As 2026 approaches, a pivotal year for global nuclear governance, ONN and the Diplomatic Academy Vienna convened diplomats, experts and students to ask what common ground still exists. The discussion explored rising nuclear risks, the role of science in rebuilding trust and the small but meaningful steps states can still take.
Last week, Open Nuclear Network (ONN), a programme of PAX sapiens, and the Vienna School of International Studies brought together diplomats, policymakers, experts and students to grapple with a simple but difficult question: What can we still agree on when it comes to nuclear governance?
As the world approaches 2026, a year that will see Review Conferences of both the Treaty on the Non-Proliferation of Nuclear Weapons (NPT) and the Treaty on the Prohibition of Nuclear Weapons (TPNW), alongside the expiration of the New START Treaty, participants explored how to preserve cooperation and reduce nuclear risks in an increasingly fragmented international environment. The event drew around 60 participants in the room and around 200 viewers online, underscoring the continued interest of the Vienna community in nuclear diplomacy and global security.

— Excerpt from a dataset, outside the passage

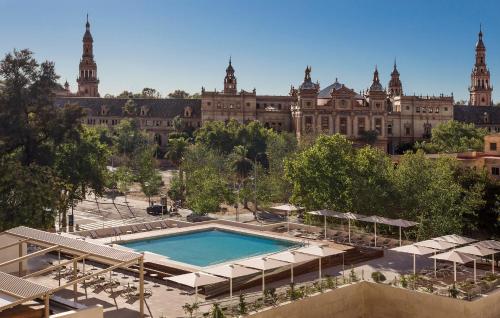 - un grand bâtiment avec une piscine en face dans l'établissement Melia Sevilla, à Séville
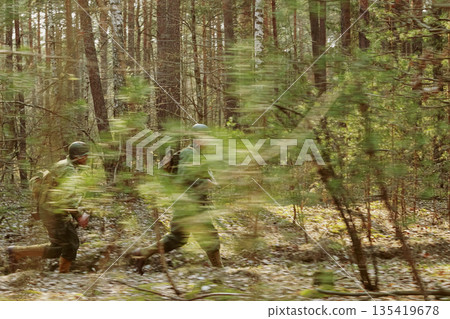American Soldiers Of USA Infantry Of World War II Marching Running Run Along Forest In Autumn Spring Day. Group of soldiers American Soldiers Of USA Infantry Of World War II Marching Running Run Along Forest In Autumn Spring Day. Group of soldiers 135419678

Setting the Stage: 2026 as a Pivotal Year
In the opening framing, ONN’s Engagement and Network Coordinator and event moderator Kseniia Pirnavskaia highlighted the stakes:
- In 2026, the NPT and TPNW Review Conferences and the expiration of New START will converge.
- These global milestones will unfold against regional dynamics in Europe, Northeast Asia, South Asia and the Middle East, where nuclear risks may be rising rather than receding.
- The year ahead, she noted, could be remembered either as a period of further escalation and fragmentation or as a moment when states take meaningful steps to rebuild trust, strengthen norms and reduce nuclear risks.
“Dialogue cannot resolve every challenge we face,” she reminded the audience, “but without dialogue, none of these challenges are going to be resolved.”
Opening Perspectives: Multilateralism, Education and Diplomacy
The opening remarks anchored the discussion in three core themes: multilateralism grounded in science, the role of education and institutions, and the importance of parliamentary diplomacy and political will.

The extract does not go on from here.